Process Capability Analysis (Cp/Cpk) Practical Guide for Manufacturing: From Data Collection to Improvement

Last updated 2026.02.13
공정능력분석Process CapabilityCpCpk품질관리Quality ControlSPCSix Sigma

What is Process Capability Analysis

Process Capability Analysis is a statistical tool that quantitatively evaluates a manufacturing process's ability to produce products within specification limits. Through Cp/Cpk indices, you can assess process stability and centering, predict defect rates, and derive improvement directions.

Data Collection Guidelines

Sampling Strategy

  • Minimum sample size: 25-30+ samples (ensure reliability)
  • Measurement interval: Collect continuously when process is stable
  • Measurement system: Verify measurement reliability through MSA (Measurement System Analysis)
  • Process stability: Confirm no special causes exist through control charts

Practical Tip: In automotive parts machining, it's common to measure 5 samples every 2 hours from one lot, totaling 30 samples.

Normality Testing

Before calculating process capability indices, verify normality of data distribution.

Testing Methods

  • Anderson-Darling test (most recommended)
  • Ryan-Joiner test
  • Histogram and normal probability plot visual inspection

Acceptance Criterion: p-value > 0.05 indicates normality

Non-normal data requires Box-Cox transformation or non-parametric methods.
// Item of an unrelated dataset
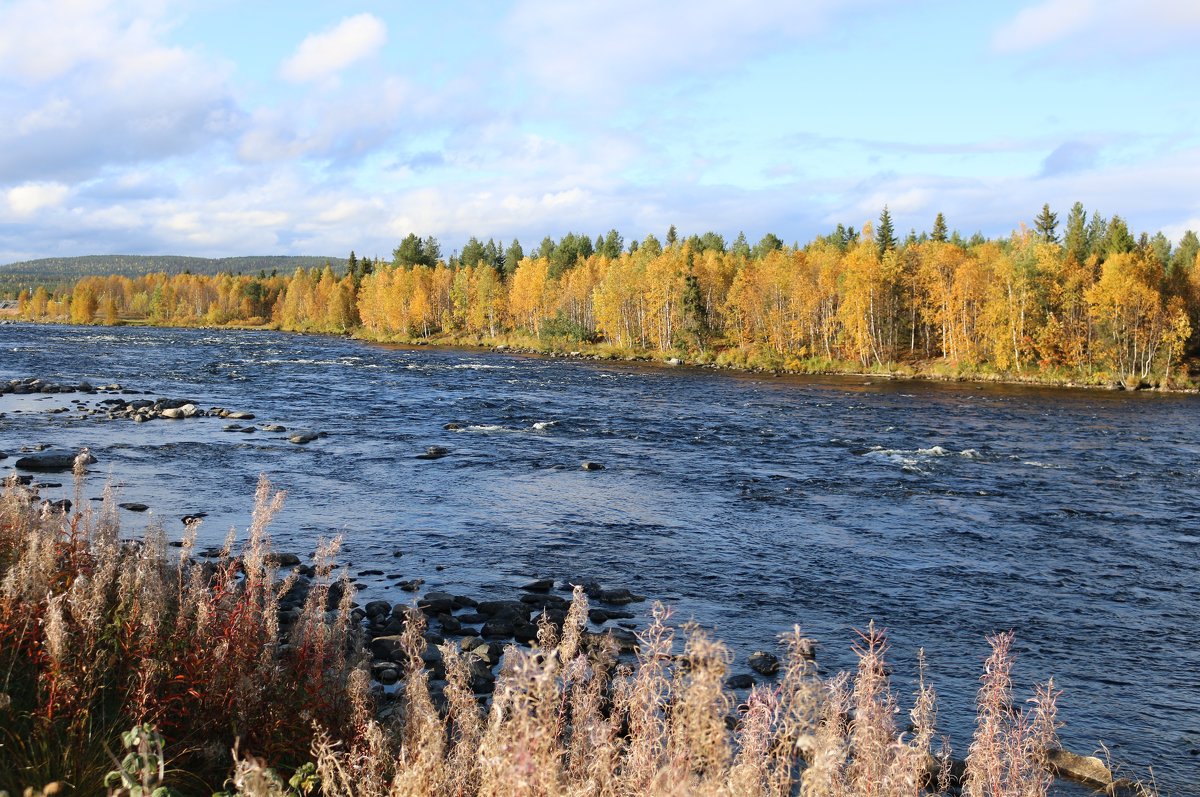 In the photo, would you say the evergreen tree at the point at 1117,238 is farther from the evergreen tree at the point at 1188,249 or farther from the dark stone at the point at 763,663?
the dark stone at the point at 763,663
Cp/Cpk Calculation and Interpretation

Key Index Formulas

Cp (Process Capability): Specification width relative to process spread

  • Cp = (USL - LSL) / (6σ)

Cpk (Process Capability Index): Considers process centering

  • Cpk = min[(USL - μ) / (3σ), (μ - LSL) / (3σ)]

Pp/Ppk: Long-term process capability (includes total variation)
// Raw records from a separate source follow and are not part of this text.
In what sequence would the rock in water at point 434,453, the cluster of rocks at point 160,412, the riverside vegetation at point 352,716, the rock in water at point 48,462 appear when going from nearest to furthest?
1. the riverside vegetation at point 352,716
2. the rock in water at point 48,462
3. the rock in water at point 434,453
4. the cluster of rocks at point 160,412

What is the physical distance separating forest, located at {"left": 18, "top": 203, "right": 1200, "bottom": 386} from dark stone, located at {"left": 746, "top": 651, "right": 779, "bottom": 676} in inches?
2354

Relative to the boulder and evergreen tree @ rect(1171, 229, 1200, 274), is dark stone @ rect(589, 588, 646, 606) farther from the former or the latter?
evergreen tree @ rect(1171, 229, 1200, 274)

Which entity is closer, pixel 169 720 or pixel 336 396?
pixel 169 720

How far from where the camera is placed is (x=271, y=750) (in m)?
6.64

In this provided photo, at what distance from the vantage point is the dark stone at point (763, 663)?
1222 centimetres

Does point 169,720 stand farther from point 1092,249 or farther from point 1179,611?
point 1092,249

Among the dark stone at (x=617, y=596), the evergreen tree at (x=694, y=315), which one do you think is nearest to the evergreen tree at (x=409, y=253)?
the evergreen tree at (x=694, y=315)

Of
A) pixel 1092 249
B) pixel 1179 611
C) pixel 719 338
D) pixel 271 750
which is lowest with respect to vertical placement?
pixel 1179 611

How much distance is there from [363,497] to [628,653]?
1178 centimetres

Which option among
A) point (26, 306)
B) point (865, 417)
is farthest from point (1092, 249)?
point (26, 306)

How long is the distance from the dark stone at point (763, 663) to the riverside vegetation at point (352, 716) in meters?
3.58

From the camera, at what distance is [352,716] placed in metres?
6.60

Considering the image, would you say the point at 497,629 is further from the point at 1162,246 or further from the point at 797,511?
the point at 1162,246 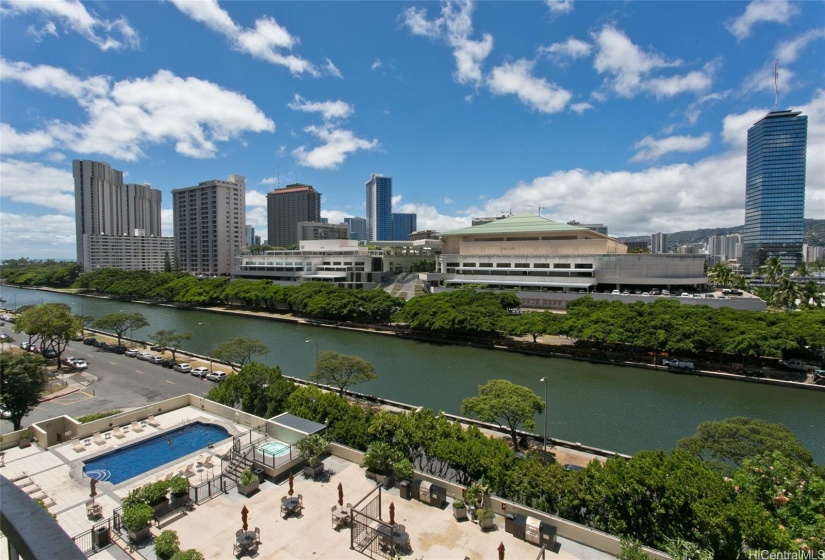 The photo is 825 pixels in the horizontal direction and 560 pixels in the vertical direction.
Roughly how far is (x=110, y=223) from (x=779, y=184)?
178473mm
  • Short-term (Cp/Cpk) uses within-subgroup variation, long-term (Pp/Ppk) uses overall variation

Index Interpretation

  • Cpk ≥ 1.67: Excellent process (6-sigma level)
  • Cpk ≥ 1.33: Adequate process (automotive industry standard)
  • Cpk ≥ 1.00: Minimum acceptable level (improvement needed)
  • Cpk < 1.00: Defect-prone process (immediate action required)

Acceptance Criteria and Problem Diagnosis

Situation-based Assessment

| Condition | Problem | Action Direction | |-----------|---------|------------------| | High Cp, Low Cpk | Process off-center | Adjust mean (setup change) | | Both Cp and Cpk low | Excessive variation | Reduce variation (4M analysis) | | Pp/Ppk < Cp/Cpk | Long-term instability | Process standardization needed |

Process Improvement Strategies

Step-by-Step Improvement Approach

Step 1: Center Adjustment (Cp > 1.33 but Cpk < 1.33)

  • Readjust equipment setup values
  • Correct mold/jig positions

Step 2: Variation Reduction (Both Cp/Cpk low)

  • 4M Analysis: Man, Machine, Material, Method
  • Identify major variation sources and apply DOE (Design of Experiments)

Step 3: Continuous Monitoring

  • Establish SPC (Statistical Process Control)
  • Monitor real-time Cpk trends

Practical Case Study

Case: Semiconductor Packaging Process

Situation: Chip bonding height specs USL 85μm, LSL 75μm, measured mean 82μm, standard deviation 2.5μm

Calculation:

  • Cp = (85-75)/(6×2.5) = 0.67
  • Cpk = min[(85-82)/(3×2.5), (82-75)/(3×2.5)] = 0.40

Diagnosis: Cpk < 1.0 indicates high defect risk. Low Cp requires variation reduction priority

Improvement Actions:

  1. Optimize bonding pressure and temperature → reduced standard deviation to 1.5μm
  2. Enhance equipment precision and preventive maintenance
  3. Post-improvement Cpk = 1.56 achieved

Conclusion

Process capability analysis is not merely calculation but the starting point for process understanding and improvement. True quality improvement is achieved when accurate data collection, statistical verification, and systematic improvement activities are combined.